##### Listed records

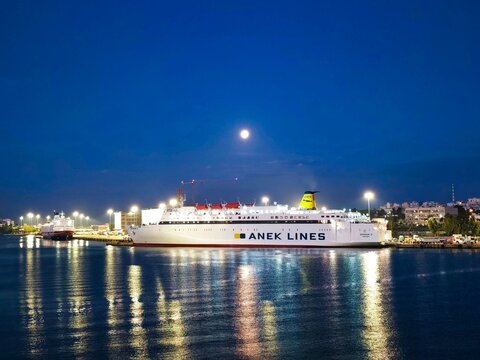 Photo of the passenger ferry Asterion II docked at the E3 gate of Piraeus Port in the quiet pre-dawn blue hour. 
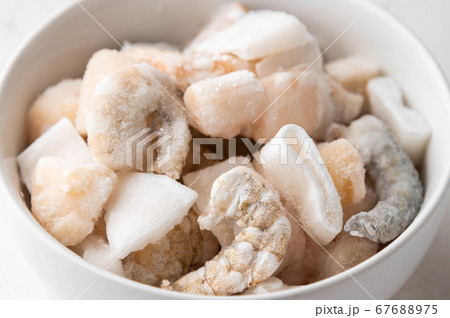 frozen seafood in white bowl 67688975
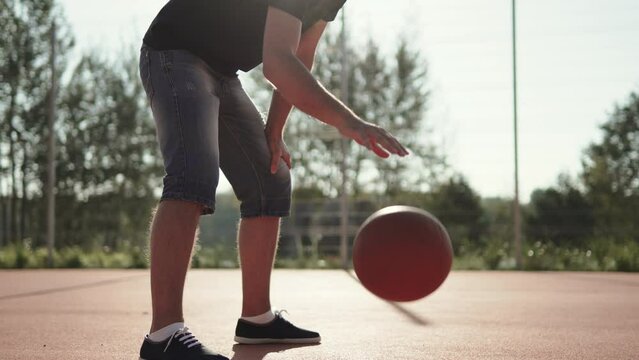Man dunks ball with hand on outdoor basketball court on sunny, picturesque day. Practice with sports equipment by amateur. Development of coordination and healthy lifestyle.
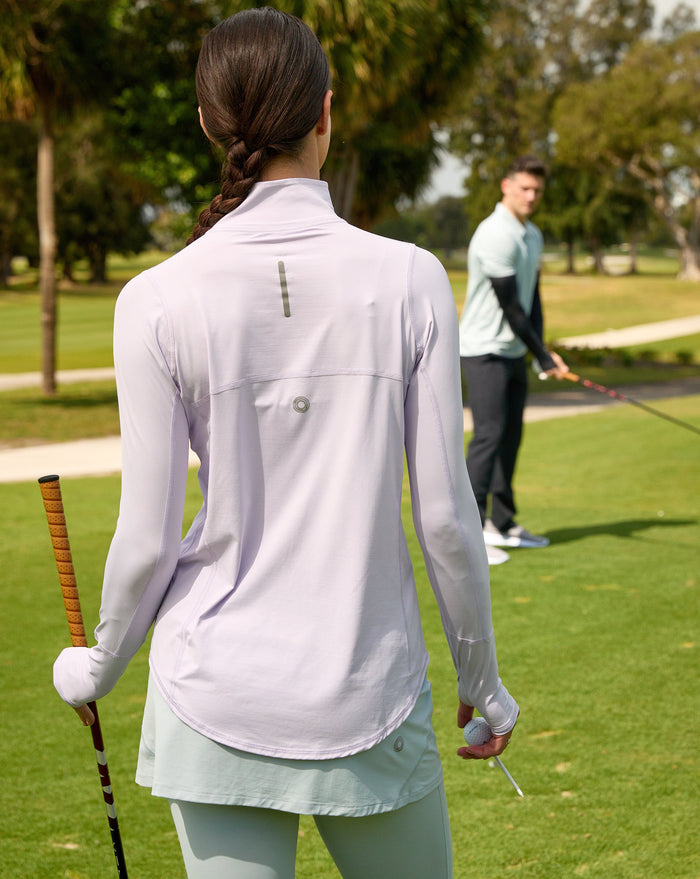 Women playing golf wearing lavender relaxed mock zip top with soft grey skort. (Style 3002) - BloqUV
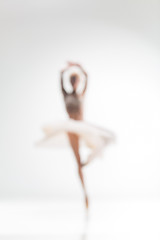 Image showing Blurred silhouette of ballerina on white background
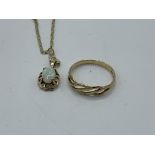 9ct gold band ring with open work to front, size K, weight 1.0gm. 9ct gold and opal pendant on a 9ct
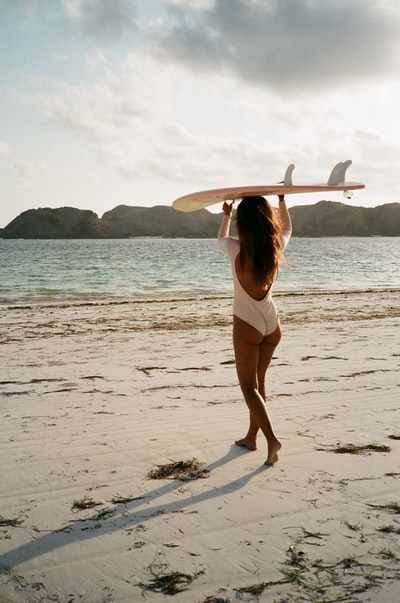 白天，穿着白色比基尼、手持白色冲浪板的女子站在沙滩上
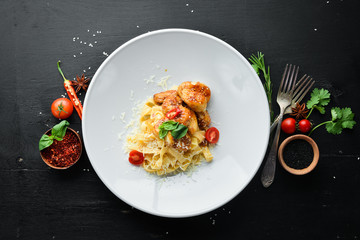 Pasta with Chicken and Parmesan. On a wooden background. Top view. Free space for your text.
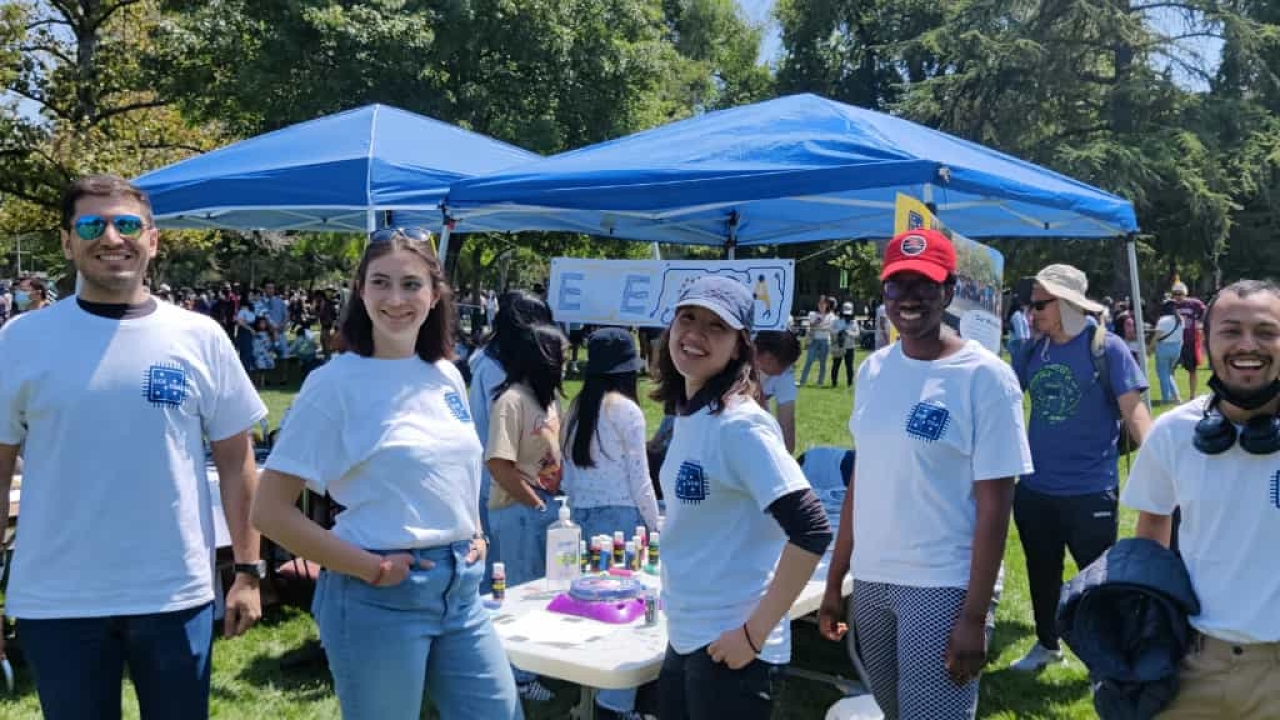 People wearing white shirts in front of pop up tents at an outdoor UC Davis Picnic Day event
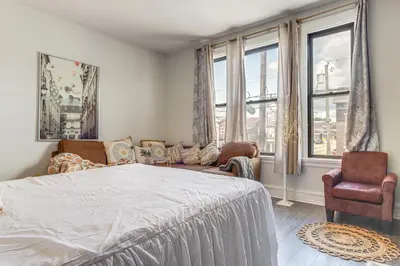 a bedroom with a bed and a couch and windows at Walkable Apt in York St Historic District in Newport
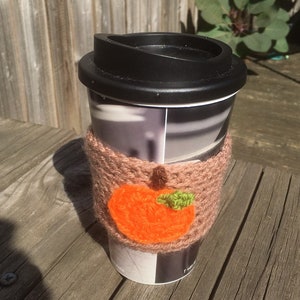 Puede incluir: Una taza de viaje negra con un dise&ntilde;o de manzana naranja tejida en el acogedor. La taza tiene una tapa negra y un dise&ntilde;o estampado blanco y gris.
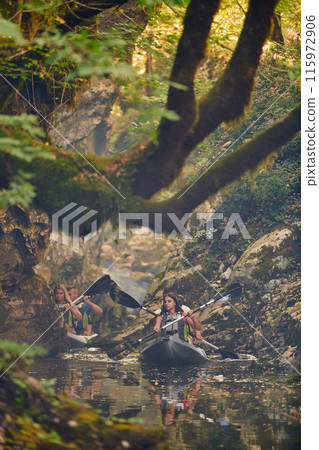 A group of friends enjoying having fun and kayaking while exploring the calm river, surrounding forest and large natural river canyons 115972906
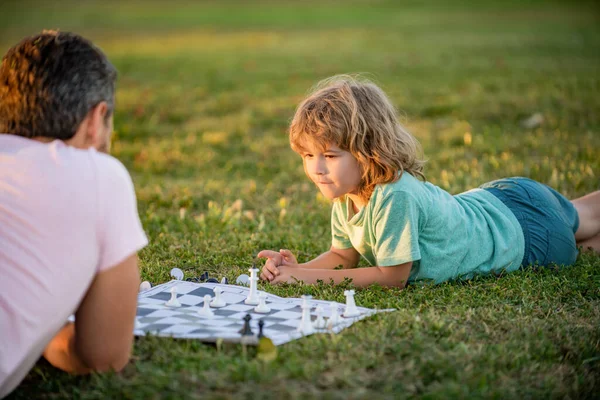 Šťastná rodina rodiče a dítěte hraje šachy na zelené trávě v parku venkovní, rodinné vztahy. — Stock fotografie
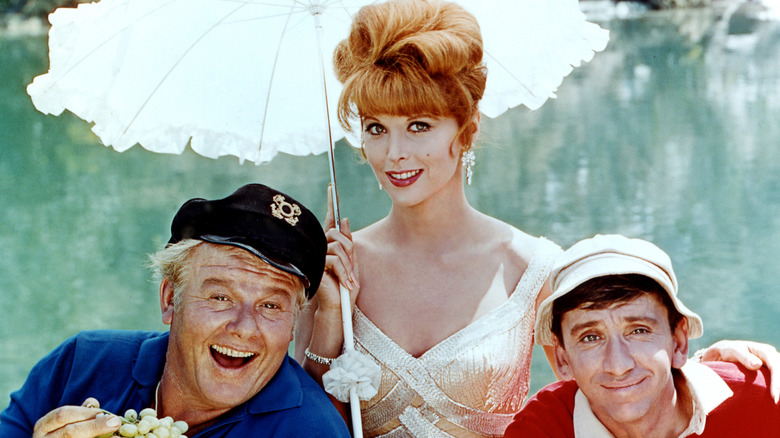 Tina Louise poses between Alan Hale Jr. and Bob Denver on Gilligan Island in 1964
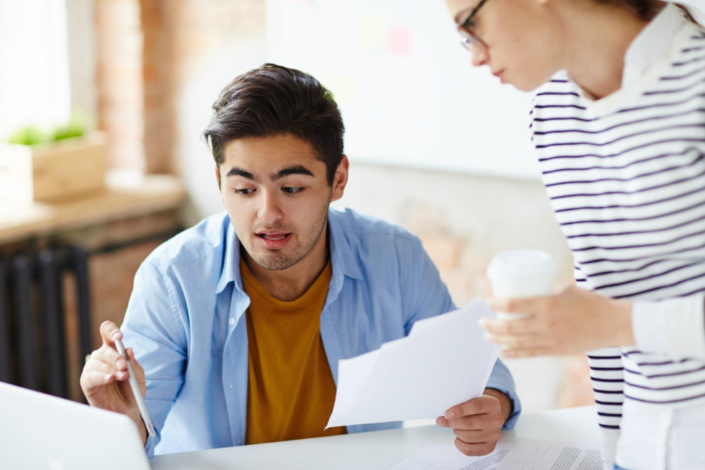 Two colleagues reviewing a financial document together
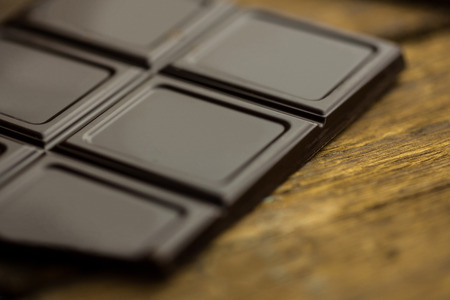 Close up view of pieces of chocolate on a wooden tableの写真素材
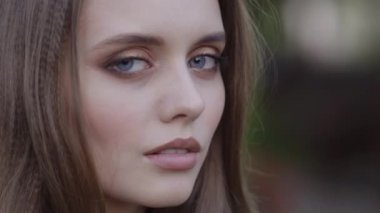 Kızıl saçlı olumlu harika kız kamera 4 k yakın çekim resme bakıyor.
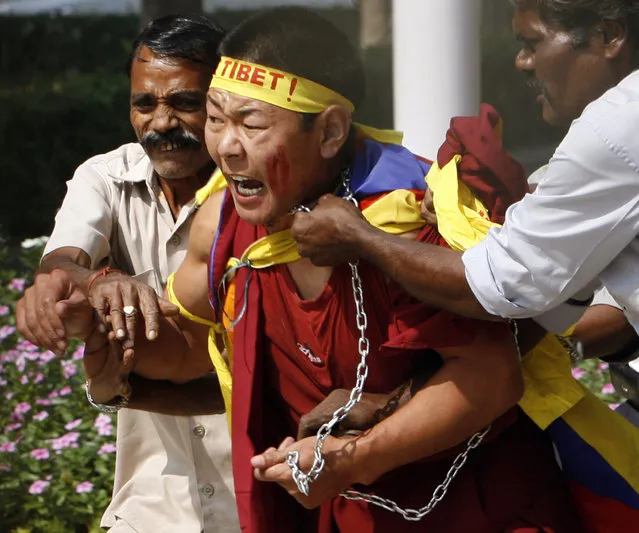 A Tibetan exile is led out by guards from inside the Chinese Embassy compound in New Delhi,October 2007. (Photo by Desmond Boylan/Reuters)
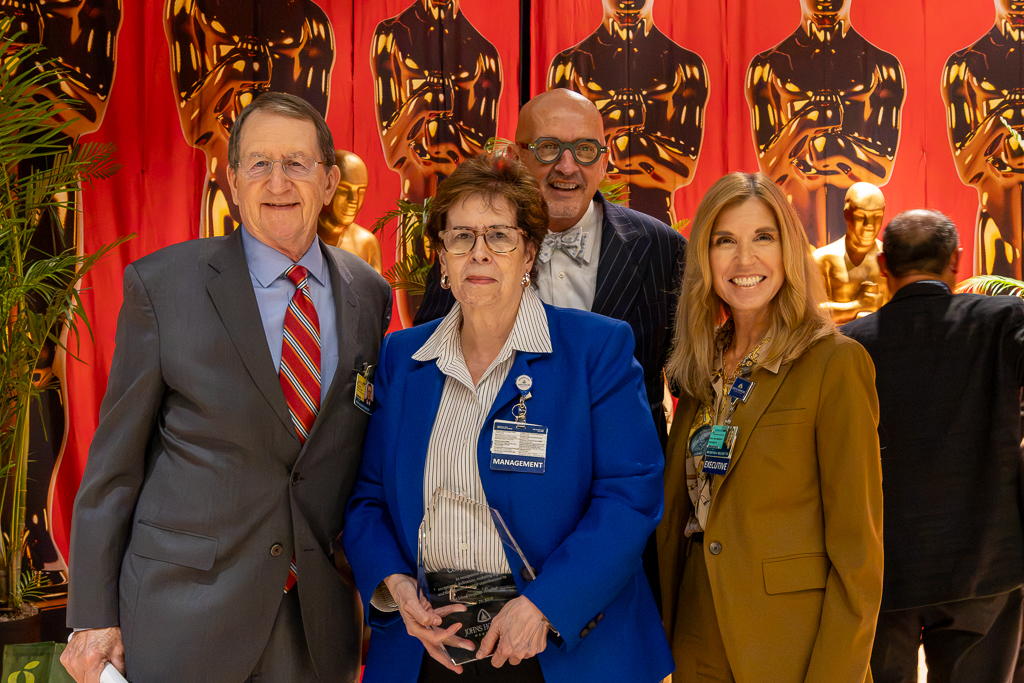 Honoree (center) Peg Cooper with (from left) Ronald R. Peterson, Kevin Sowers and Dr. Redonda Miller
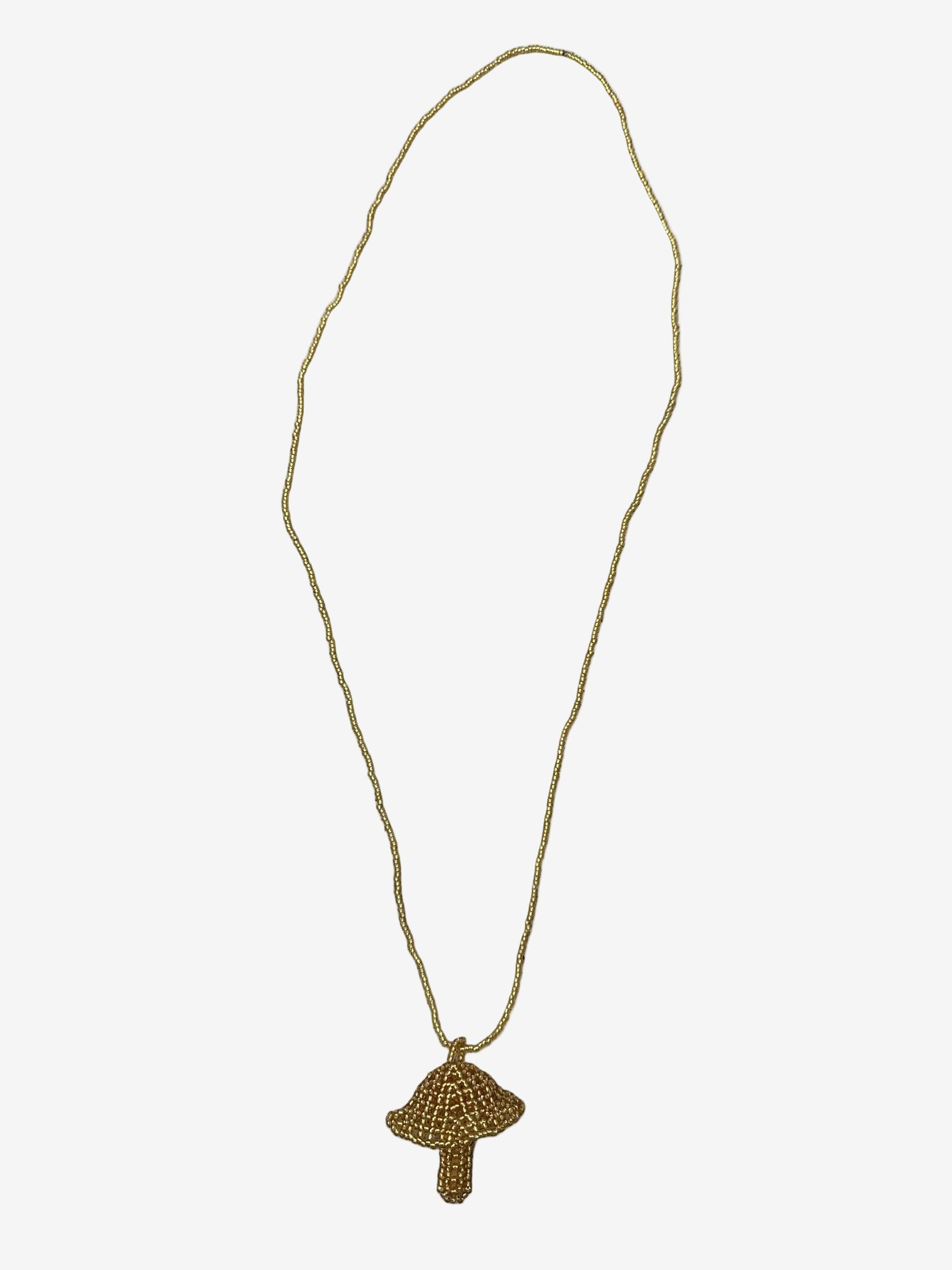 Golden fungi necklace showing handmade bead detail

##########

Pictures aside, set down the lines from the one containing "Pasta with Chicken" through the end of the records above, exactly and only those.

▶ _Final answer_
 Pasta with Chicken and Parmesan. On a wooden background. Top view. Free space for your text.
 People wearing white shirts in front of pop up tents at an outdoor UC Davis Picnic Day event
 a bedroom with a bed and a couch and windows at Walkable Apt in York St Historic District in Newport
 Puede incluir: Una taza de viaje negra con un dise&ntilde;o de manzana naranja tejida en el acogedor. La taza tiene una tapa negra y un dise&ntilde;o estampado blanco y gris.
 A group of friends enjoying having fun and kayaking while exploring the calm river, surrounding forest and large natural river canyons 115972906
 Šťastná rodina rodiče a dítěte hraje šachy na zelené trávě v parku venkovní, rodinné vztahy. — Stock fotografie
 Tina Louise poses between Alan Hale Jr. and Bob Denver on Gilligan Island in 1964
 Two colleagues reviewing a financial document together
 Close up view of pieces of chocolate on a wooden tableの写真素材
 Kızıl saçlı olumlu harika kız kamera 4 k yakın çekim resme bakıyor.
 A Tibetan exile is led out by guards from inside the Chinese Embassy compound in New Delhi,October 2007. (Photo by Desmond Boylan/Reuters)
 Honoree (center) Peg Cooper with (from left) Ronald R. Peterson, Kevin Sowers and Dr. Redonda Miller
 Golden fungi necklace showing handmade bead detail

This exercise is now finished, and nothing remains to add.